● WHAT TO PRODUCE
Each line below with the string "through" should be copied.

● INPUT MATERIAL
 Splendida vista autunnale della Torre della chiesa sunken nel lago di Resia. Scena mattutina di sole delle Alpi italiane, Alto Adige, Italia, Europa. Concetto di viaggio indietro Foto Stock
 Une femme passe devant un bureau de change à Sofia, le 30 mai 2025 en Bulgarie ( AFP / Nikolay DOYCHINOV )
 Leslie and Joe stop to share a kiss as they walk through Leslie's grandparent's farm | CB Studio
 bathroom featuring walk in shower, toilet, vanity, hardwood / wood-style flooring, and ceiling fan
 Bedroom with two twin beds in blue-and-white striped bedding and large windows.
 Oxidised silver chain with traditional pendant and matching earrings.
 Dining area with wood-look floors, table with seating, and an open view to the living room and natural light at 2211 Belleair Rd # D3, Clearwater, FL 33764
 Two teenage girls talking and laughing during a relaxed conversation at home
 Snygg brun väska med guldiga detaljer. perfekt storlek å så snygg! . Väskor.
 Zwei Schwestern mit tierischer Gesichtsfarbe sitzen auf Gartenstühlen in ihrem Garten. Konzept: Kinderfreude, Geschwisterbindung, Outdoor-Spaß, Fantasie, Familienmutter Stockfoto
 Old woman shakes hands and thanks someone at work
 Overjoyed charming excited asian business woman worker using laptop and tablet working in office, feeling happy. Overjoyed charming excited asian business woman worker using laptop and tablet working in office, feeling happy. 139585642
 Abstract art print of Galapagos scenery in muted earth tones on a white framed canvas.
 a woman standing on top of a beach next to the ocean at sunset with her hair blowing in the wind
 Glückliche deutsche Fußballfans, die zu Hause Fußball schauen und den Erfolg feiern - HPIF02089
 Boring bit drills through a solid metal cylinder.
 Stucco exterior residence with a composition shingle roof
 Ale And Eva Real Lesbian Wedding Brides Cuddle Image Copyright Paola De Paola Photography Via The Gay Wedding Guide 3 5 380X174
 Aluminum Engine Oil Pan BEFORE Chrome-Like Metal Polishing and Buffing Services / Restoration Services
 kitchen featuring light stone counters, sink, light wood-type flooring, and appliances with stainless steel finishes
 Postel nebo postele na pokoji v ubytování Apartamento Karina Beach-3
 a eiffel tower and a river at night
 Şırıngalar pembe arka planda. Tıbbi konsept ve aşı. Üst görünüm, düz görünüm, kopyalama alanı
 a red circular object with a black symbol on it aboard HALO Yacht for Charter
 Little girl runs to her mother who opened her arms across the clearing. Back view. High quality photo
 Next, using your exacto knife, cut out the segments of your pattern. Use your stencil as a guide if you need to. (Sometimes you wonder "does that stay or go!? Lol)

● TASK SOLUTION
 Leslie and Joe stop to share a kiss as they walk through Leslie's grandparent's farm | CB Studio
 Boring bit drills through a solid metal cylinder.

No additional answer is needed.